● Work to complete: Using the data below, reproduce exactly the lines from the line with "So there are" to the line with "The second edition is", both included; pictures must be dropped.

-- Information follows --

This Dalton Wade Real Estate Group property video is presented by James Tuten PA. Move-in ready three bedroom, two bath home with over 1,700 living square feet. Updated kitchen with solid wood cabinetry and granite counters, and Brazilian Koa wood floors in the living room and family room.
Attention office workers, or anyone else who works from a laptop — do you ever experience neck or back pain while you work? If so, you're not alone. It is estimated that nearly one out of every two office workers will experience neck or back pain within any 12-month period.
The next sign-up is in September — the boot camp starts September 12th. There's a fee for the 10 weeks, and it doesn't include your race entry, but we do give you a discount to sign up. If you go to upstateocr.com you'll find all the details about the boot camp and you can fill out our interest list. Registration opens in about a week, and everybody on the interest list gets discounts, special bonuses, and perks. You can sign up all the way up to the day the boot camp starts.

-- Information concluded --
-- Information follows --

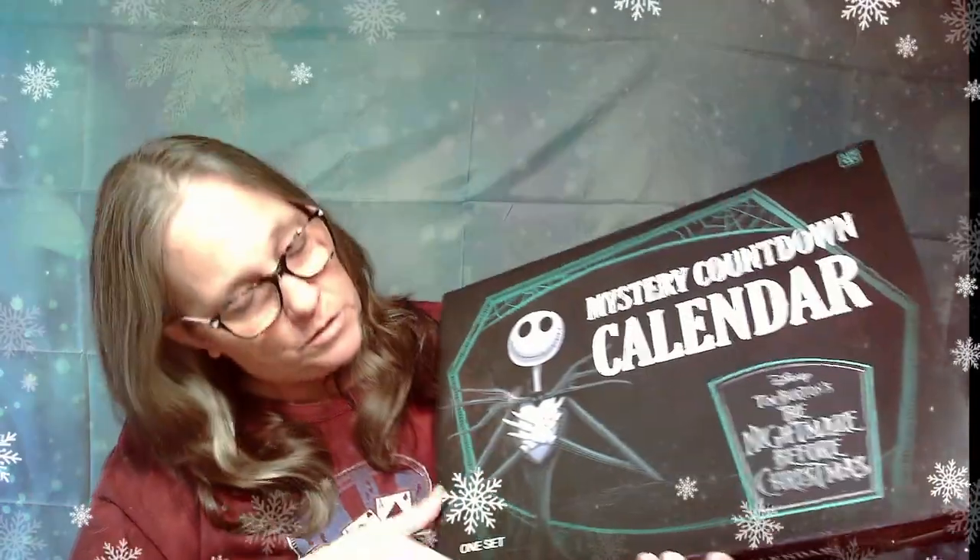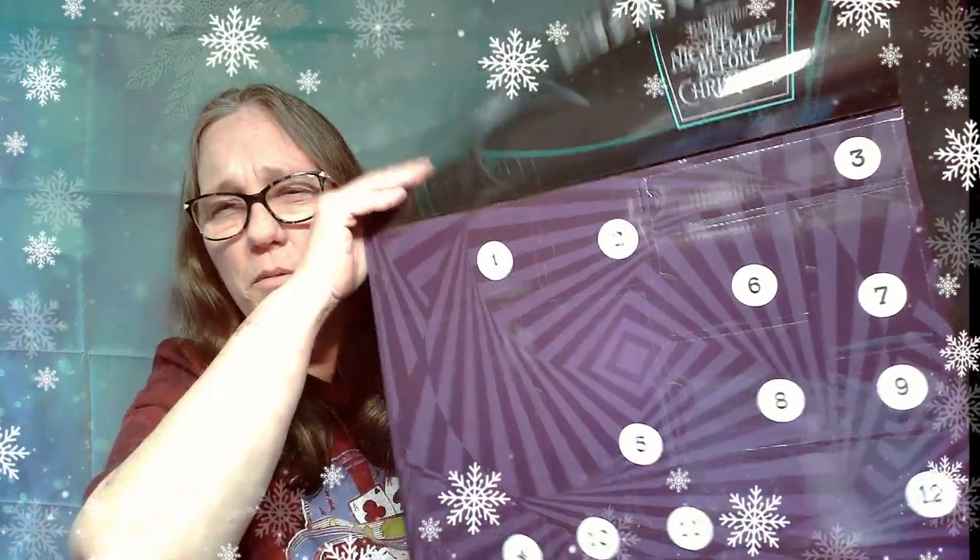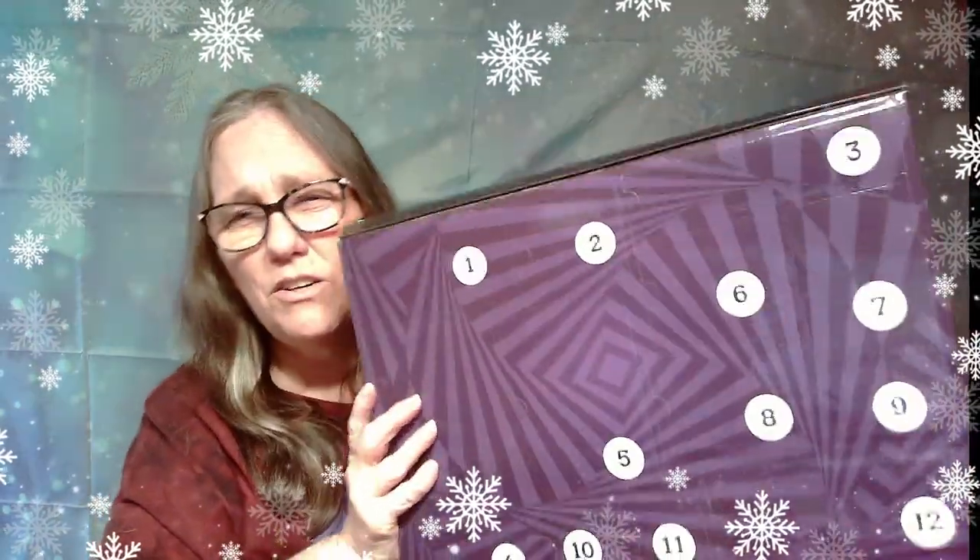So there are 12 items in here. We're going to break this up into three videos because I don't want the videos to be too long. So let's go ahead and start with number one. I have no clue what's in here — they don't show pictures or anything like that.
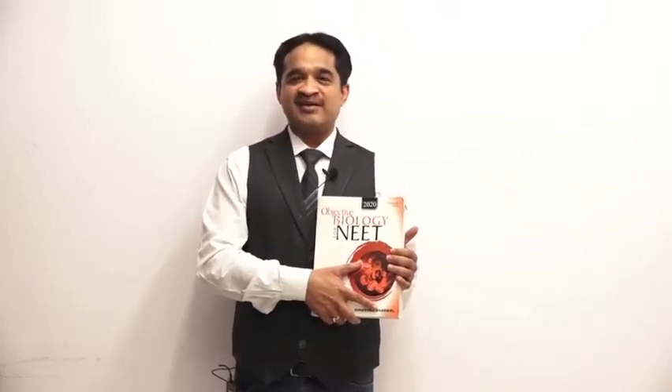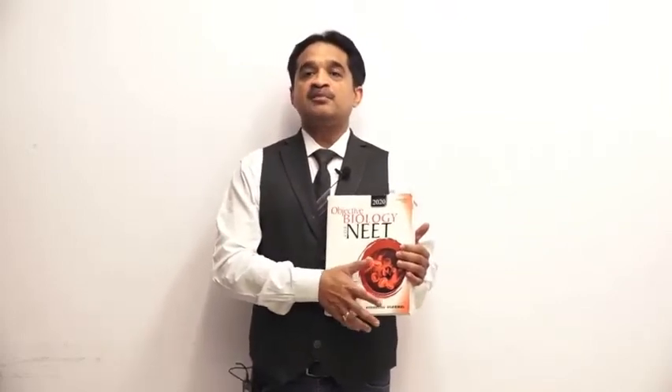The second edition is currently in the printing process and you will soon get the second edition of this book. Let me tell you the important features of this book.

-- Information concluded --
-- Information follows --

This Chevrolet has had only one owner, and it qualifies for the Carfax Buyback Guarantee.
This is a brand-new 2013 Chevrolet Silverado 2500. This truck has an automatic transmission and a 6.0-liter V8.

-- Information concluded --

● Task solution:
So there are 12 items in here. We're going to break this up into three videos because I don't want the videos to be too long. So let's go ahead and start with number one. I have no clue what's in here — they don't show pictures or anything like that.
The second edition is currently in the printing process and you will soon get the second edition of this book. Let me tell you the important features of this book.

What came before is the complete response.